WORK ORDER: Return the data below exactly, but only from the line containing "for text 119373747" through the line containing "This antique bonnet", with both of those lines included.
:: RECORD EXTRACTS ::
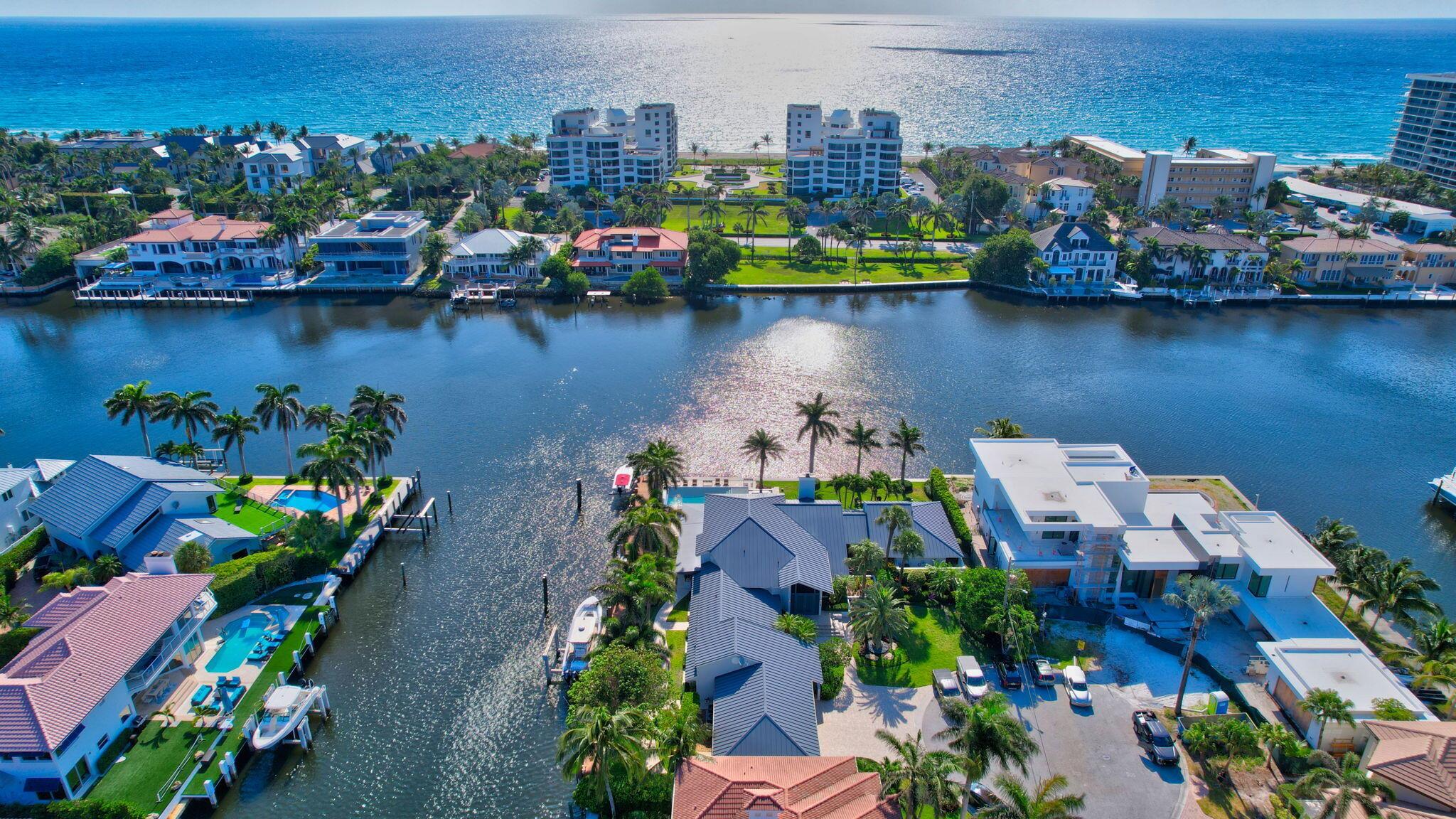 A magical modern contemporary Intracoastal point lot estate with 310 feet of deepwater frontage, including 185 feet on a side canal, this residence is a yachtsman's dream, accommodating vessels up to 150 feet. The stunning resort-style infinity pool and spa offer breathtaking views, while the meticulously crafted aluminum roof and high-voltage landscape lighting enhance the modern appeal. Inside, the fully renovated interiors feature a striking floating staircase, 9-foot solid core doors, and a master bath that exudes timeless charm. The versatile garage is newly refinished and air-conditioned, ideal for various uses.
:::
:: RECORD EXTRACTS ::
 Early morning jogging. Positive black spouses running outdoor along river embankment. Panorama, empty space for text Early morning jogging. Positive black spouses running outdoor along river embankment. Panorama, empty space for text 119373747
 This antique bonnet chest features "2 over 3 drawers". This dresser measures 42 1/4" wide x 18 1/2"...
:::
:: RECORD EXTRACTS ::
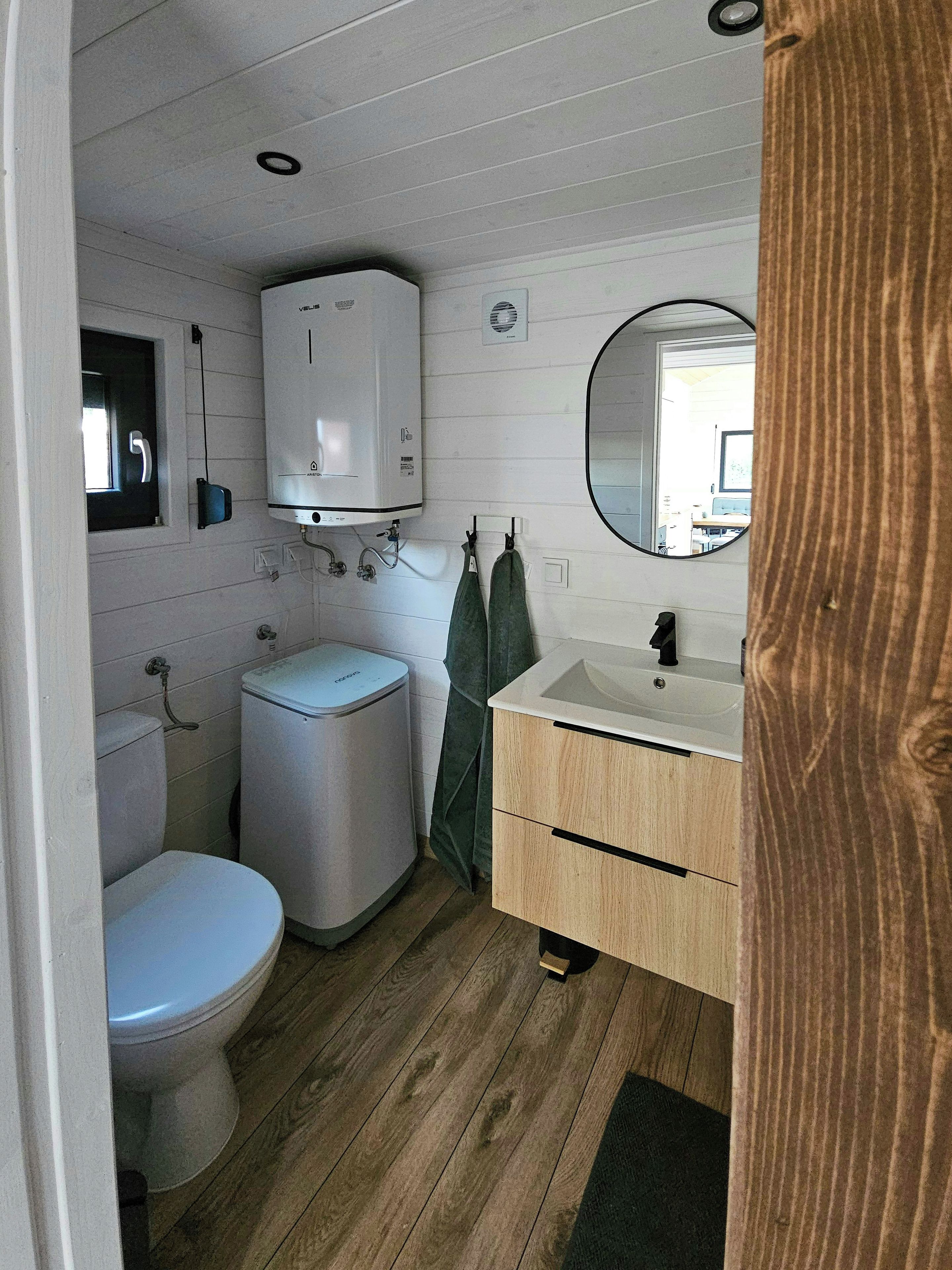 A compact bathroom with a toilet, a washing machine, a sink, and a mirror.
:::
WRITTEN ANSWER:
 Early morning jogging. Positive black spouses running outdoor along river embankment. Panorama, empty space for text Early morning jogging. Positive black spouses running outdoor along river embankment. Panorama, empty space for text 119373747
 This antique bonnet chest features "2 over 3 drawers". This dresser measures 42 1/4" wide x 18 1/2"...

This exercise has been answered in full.